- Exercise description: Copy the listing exactly as given. Omit every picture.
##### Raw data #####
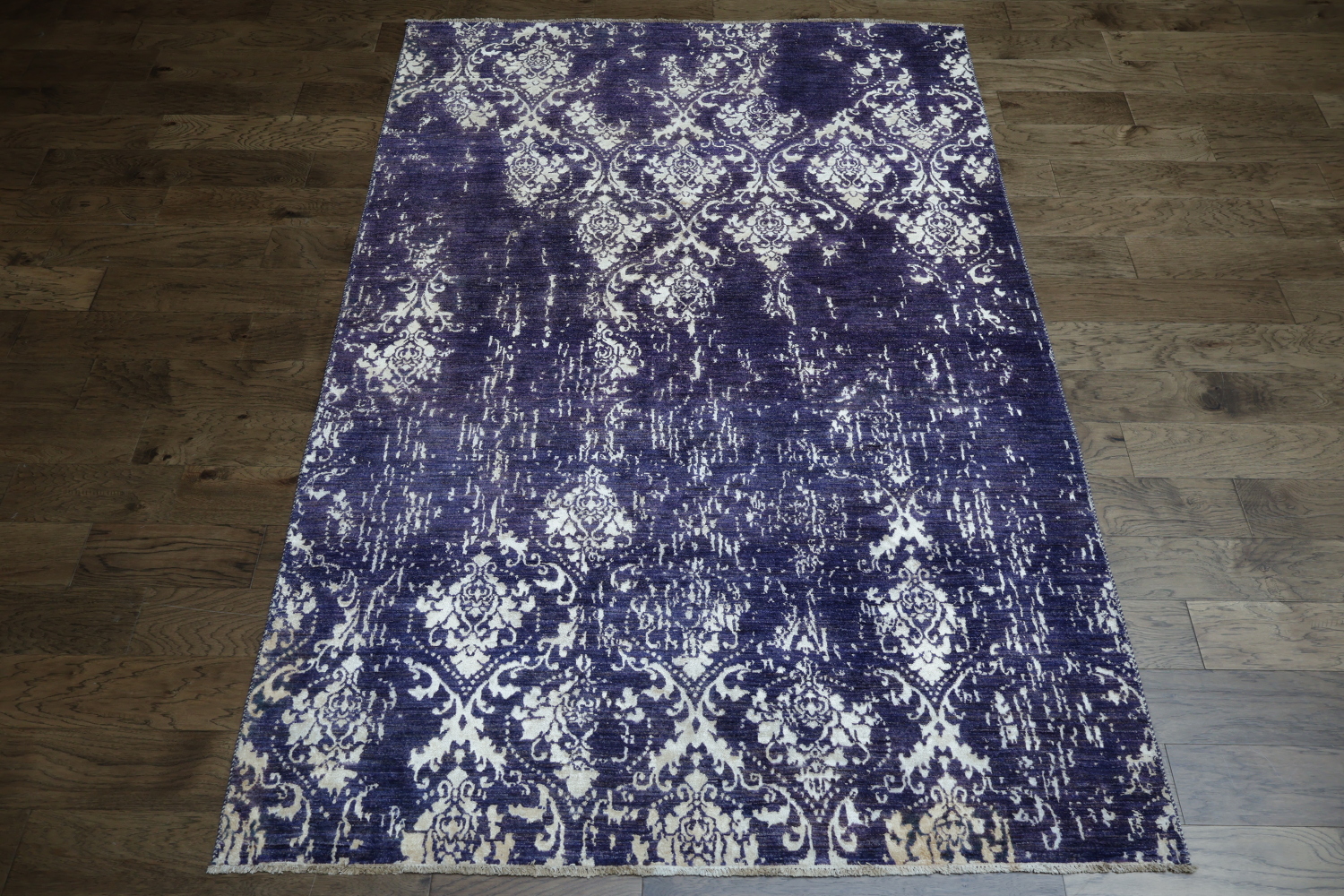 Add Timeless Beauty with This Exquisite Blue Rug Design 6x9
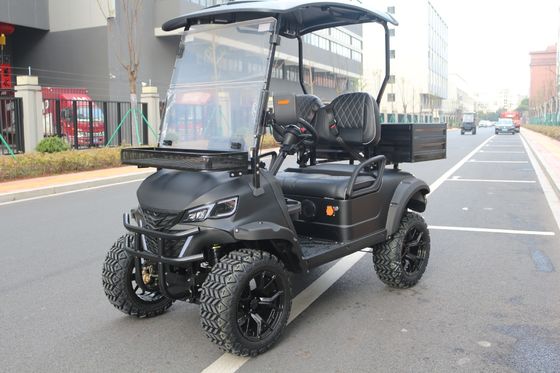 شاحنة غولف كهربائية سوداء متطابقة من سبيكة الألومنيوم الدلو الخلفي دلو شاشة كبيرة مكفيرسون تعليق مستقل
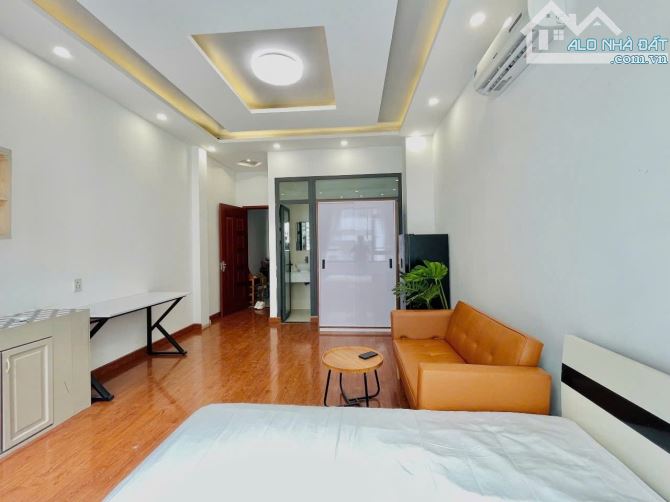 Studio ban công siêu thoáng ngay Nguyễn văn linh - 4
#####
- Task output:
 Add Timeless Beauty with This Exquisite Blue Rug Design 6x9
 شاحنة غولف كهربائية سوداء متطابقة من سبيكة الألومنيوم الدلو الخلفي دلو شاشة كبيرة مكفيرسون تعليق مستقل
 Studio ban công siêu thoáng ngay Nguyễn văn linh - 4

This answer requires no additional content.